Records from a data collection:
....
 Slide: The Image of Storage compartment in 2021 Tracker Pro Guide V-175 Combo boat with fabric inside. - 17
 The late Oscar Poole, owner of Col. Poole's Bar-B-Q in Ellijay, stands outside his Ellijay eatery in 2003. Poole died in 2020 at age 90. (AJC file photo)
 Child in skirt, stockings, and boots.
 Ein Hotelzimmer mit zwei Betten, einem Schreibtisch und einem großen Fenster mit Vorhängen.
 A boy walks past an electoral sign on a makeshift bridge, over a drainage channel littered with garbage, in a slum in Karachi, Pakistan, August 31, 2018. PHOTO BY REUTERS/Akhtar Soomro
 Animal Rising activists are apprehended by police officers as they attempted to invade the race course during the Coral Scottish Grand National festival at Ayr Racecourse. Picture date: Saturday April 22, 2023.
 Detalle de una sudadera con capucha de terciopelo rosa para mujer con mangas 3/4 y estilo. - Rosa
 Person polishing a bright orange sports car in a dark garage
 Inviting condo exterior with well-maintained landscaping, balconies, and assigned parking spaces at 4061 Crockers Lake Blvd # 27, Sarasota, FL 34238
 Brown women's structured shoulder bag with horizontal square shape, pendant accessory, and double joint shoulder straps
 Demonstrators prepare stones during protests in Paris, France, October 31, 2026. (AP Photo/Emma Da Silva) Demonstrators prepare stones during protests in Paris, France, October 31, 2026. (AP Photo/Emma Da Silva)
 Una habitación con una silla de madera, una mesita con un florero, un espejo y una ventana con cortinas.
....
Taking the entries above, print exactly the lines starting at the line with "The late Oscar" and ending at the line with "Ein Hotelzimmer mit", both included.

 The late Oscar Poole, owner of Col. Poole's Bar-B-Q in Ellijay, stands outside his Ellijay eatery in 2003. Poole died in 2020 at age 90. (AJC file photo)
 Child in skirt, stockings, and boots.
 Ein Hotelzimmer mit zwei Betten, einem Schreibtisch und einem großen Fenster mit Vorhängen.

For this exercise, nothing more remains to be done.